На протяжении 80-х годов Глазунов пишет очень много. В 1883 году он окончил реальное училище и поступил вольнослушателем на историко-филологическое отделение Петербургского университета. Это было сделано не столько по внутреннему побуждению, сколько по семейным традициям — все Глазуновы считали необходимым иметь высшее образование, и композитор выбрал гуманитарное, дающее общую культуру и кругозор, необходимый серьезному художнику. Избавленный семьей от необходимости зарабатывать на жизнь, он полностью отдает себя творчеству. Складывается своеобразный метод работы, когда одновременно задумывается несколько сочинений в разных жанрах. Одно пишется в черновике, к другому появляются эскизы, третье находится уже в стадии корректуры. Так, почти одновременно написаны два квартета, две увертюры на греческие темы, две оркестровые серенады, симфоническая поэма «Стенька Разин», оркестровые Лирическая поэма, элегия Памяти героя, «Грезы о Востоке», Вторая симфония, симфоническая фантазия «Лес» и много более мелких сочинений.

За сочинением не забываются и дружеские связи. Теплое чувство связывает его со Стасовым, столь горячо приветствовавшим юный талант при его появлении. Тесны и дружеские отношения с Бородиным, который называл молодого друга «дорогим тезкой» и с большой заинтересованностью следил за его творчеством.
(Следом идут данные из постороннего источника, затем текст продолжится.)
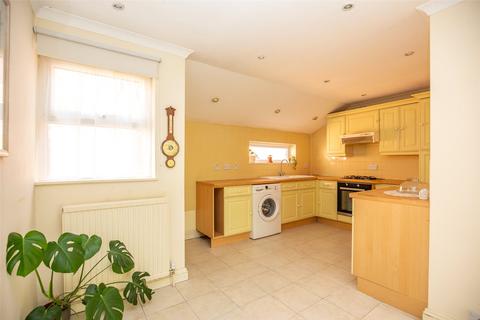 2 bedroom bungalow for sale, Comb Paddock, Bristol, BS9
Влияние Бородина явно сказывается на многих сочинениях Глазунова с их эпическими образами, былинностью, широким русским характером. Поэма «Стенька Разин», законченная уже после безвременной кончины Бородина, была посвящена Глазуновым его памяти. Огромную работу проделал молодой композитор и над наследием своего старшего друга, приводя в порядок черновые записи, вспоминая то, что Бородин играл ему, но не успел записать. Он записал по памяти и оркестровал две части Третьей симфонии, вместе с Римским-Корсаковым завершил оперу «Князь Игорь».

В 1888 году Глазунов впервые вышел на симфоническую эстраду в качестве дирижера с исполнением своей Лирической поэмы. Через полгода он уже выступал в Париже — во время Всемирной выставки — с исполнением «Стеньки Разина» и Второй симфонии. Нельзя сказать, что Глазунов стал выдающимся дирижером — для этого у него был неподходящий характер: слишком мягкий. «Я недавно получил замечание от одного из музыкантов оркестра, сказанное наедине, — делился Глазунов с Чайковским, для которого дирижирование тоже не было органичным. — Что я мало обращаю внимания на оттенки, что совершенно верно, так как их нужно требовать и добиваться, а мне иногда бывает просто неловко надоедать почтенным людям, из которых почти каждый вдвое старше меня. Мне несколько раз случалось просить играть piano — один раз исполнят просьбу (а не требование), а на следующий раз забудут об этом. Буду завтра изо всех сил заставлять себя „требовать“». С годами эта проблема исчезла: Глазунов стал пользоваться таким авторитетом, что требовать было не нужно: музыканты старались угадывать любое его желание и намерение. Его дирижерская деятельность продолжалась почти полвека, как в России, так и за рубежом.